SEEDcontrol
SEEDcontrol
experimenting with ways to preserve agrobiodiversity and to remain independent
in 1996, the ten largest seed companies controlled less than 17% of the world market. twenty years later, the percentage has risen to 75%. such concentration, through mergers and acquisitions, means market control, but also exposure to environmental and economic risks: multinational seed companies promote monoculture at the expense of diversity and demand royalties for the use of their patented varieties.
many farmers in Europe and South Africa are experimenting with ways to preserve agrobiodiversity and to remain independent.
SEEDcontrol tells and documents this story, providing data and interviewing protagonists from farming communities who have developed local businesses. the project is a collaboration between formicablu and Oxpeckers Investigative Environmental Journalism with the support of the European Journalism Centre.

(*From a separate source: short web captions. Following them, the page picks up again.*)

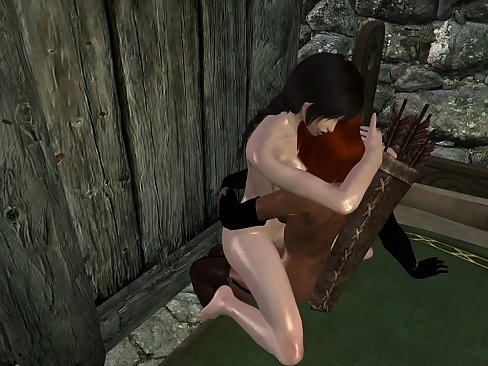 ❤️ i te hararei, me te whakamahi i nga tinana o tsbbe me unpe tino kaiwhakaari, succubus me Nord Porno fb i porn mi.passiveincome1.ru ❌️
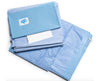Lithotomy Pack II (10/cs)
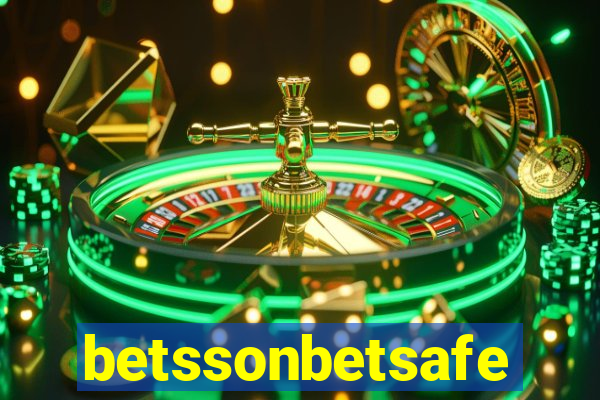 betssonbetsafe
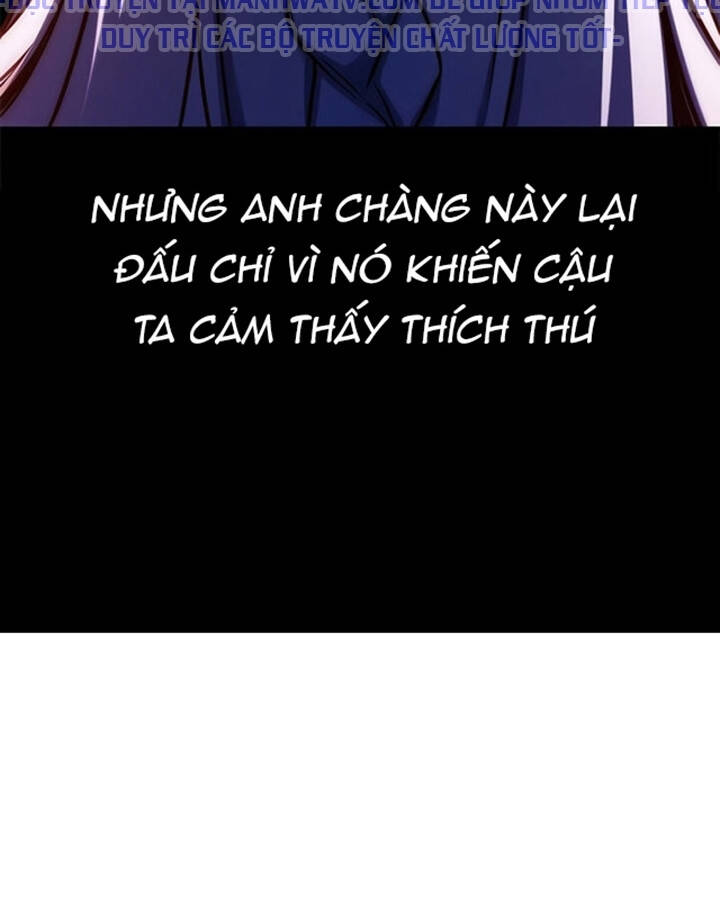 Hoá Thân Thành Mèo - Chapter 200 - Page 90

we travelled to South Africa to build the investigation together with the project partner, to collect the testimonies of small farming communities defending their right to food sovereignty. but SEEDcontrol is also the ideal continuation of SEEDversity, a project from which it draws some material, and which again on the theme of seeds and biodiversity has taken us to other parts of Africa, Europe and the Middle East.
the SEEDcontrol investigation became a website and was published in the Huffington Post South Africa and La Stampa.